*** STUDY MATERIAL ***
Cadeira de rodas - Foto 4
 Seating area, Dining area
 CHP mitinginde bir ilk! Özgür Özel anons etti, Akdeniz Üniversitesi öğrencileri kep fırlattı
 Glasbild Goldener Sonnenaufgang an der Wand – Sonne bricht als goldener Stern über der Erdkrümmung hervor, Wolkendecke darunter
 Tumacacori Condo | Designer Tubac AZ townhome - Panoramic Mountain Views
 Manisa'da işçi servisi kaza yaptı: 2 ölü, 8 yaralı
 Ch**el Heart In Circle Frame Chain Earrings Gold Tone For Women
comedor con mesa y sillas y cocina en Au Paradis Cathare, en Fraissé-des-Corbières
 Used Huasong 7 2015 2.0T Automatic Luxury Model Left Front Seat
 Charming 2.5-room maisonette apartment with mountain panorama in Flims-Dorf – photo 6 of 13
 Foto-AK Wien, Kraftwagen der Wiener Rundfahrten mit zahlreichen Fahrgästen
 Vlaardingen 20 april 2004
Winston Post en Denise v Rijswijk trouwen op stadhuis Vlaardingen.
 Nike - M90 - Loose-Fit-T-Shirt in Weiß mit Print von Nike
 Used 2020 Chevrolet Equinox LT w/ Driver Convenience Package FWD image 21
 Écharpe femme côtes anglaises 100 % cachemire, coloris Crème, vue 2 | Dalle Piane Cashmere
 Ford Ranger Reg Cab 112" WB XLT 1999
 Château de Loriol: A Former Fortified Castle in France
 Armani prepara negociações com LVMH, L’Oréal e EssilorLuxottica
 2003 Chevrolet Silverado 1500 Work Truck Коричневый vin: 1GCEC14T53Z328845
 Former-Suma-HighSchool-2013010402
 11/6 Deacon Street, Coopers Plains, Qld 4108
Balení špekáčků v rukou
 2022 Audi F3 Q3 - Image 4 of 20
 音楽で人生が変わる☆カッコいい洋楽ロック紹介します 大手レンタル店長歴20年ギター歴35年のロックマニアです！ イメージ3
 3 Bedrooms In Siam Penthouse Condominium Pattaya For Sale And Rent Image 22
*** End of STUDY MATERIAL ***
### TASK ITEM
Using the data above, print every record exactly as shown.

### RESPONSE BELOW
Cadeira de rodas - Foto 4
 Seating area, Dining area
 CHP mitinginde bir ilk! Özgür Özel anons etti, Akdeniz Üniversitesi öğrencileri kep fırlattı
 Glasbild Goldener Sonnenaufgang an der Wand – Sonne bricht als goldener Stern über der Erdkrümmung hervor, Wolkendecke darunter
 Tumacacori Condo | Designer Tubac AZ townhome - Panoramic Mountain Views
 Manisa'da işçi servisi kaza yaptı: 2 ölü, 8 yaralı
 Ch**el Heart In Circle Frame Chain Earrings Gold Tone For Women
comedor con mesa y sillas y cocina en Au Paradis Cathare, en Fraissé-des-Corbières
 Used Huasong 7 2015 2.0T Automatic Luxury Model Left Front Seat
 Charming 2.5-room maisonette apartment with mountain panorama in Flims-Dorf – photo 6 of 13
 Foto-AK Wien, Kraftwagen der Wiener Rundfahrten mit zahlreichen Fahrgästen
 Vlaardingen 20 april 2004
Winston Post en Denise v Rijswijk trouwen op stadhuis Vlaardingen.
 Nike - M90 - Loose-Fit-T-Shirt in Weiß mit Print von Nike
 Used 2020 Chevrolet Equinox LT w/ Driver Convenience Package FWD image 21
 Écharpe femme côtes anglaises 100 % cachemire, coloris Crème, vue 2 | Dalle Piane Cashmere
 Ford Ranger Reg Cab 112" WB XLT 1999
 Château de Loriol: A Former Fortified Castle in France
 Armani prepara negociações com LVMH, L’Oréal e EssilorLuxottica
 2003 Chevrolet Silverado 1500 Work Truck Коричневый vin: 1GCEC14T53Z328845
 Former-Suma-HighSchool-2013010402
 11/6 Deacon Street, Coopers Plains, Qld 4108
Balení špekáčků v rukou
 2022 Audi F3 Q3 - Image 4 of 20
 音楽で人生が変わる☆カッコいい洋楽ロック紹介します 大手レンタル店長歴20年ギター歴35年のロックマニアです！ イメージ3
 3 Bedrooms In Siam Penthouse Condominium Pattaya For Sale And Rent Image 22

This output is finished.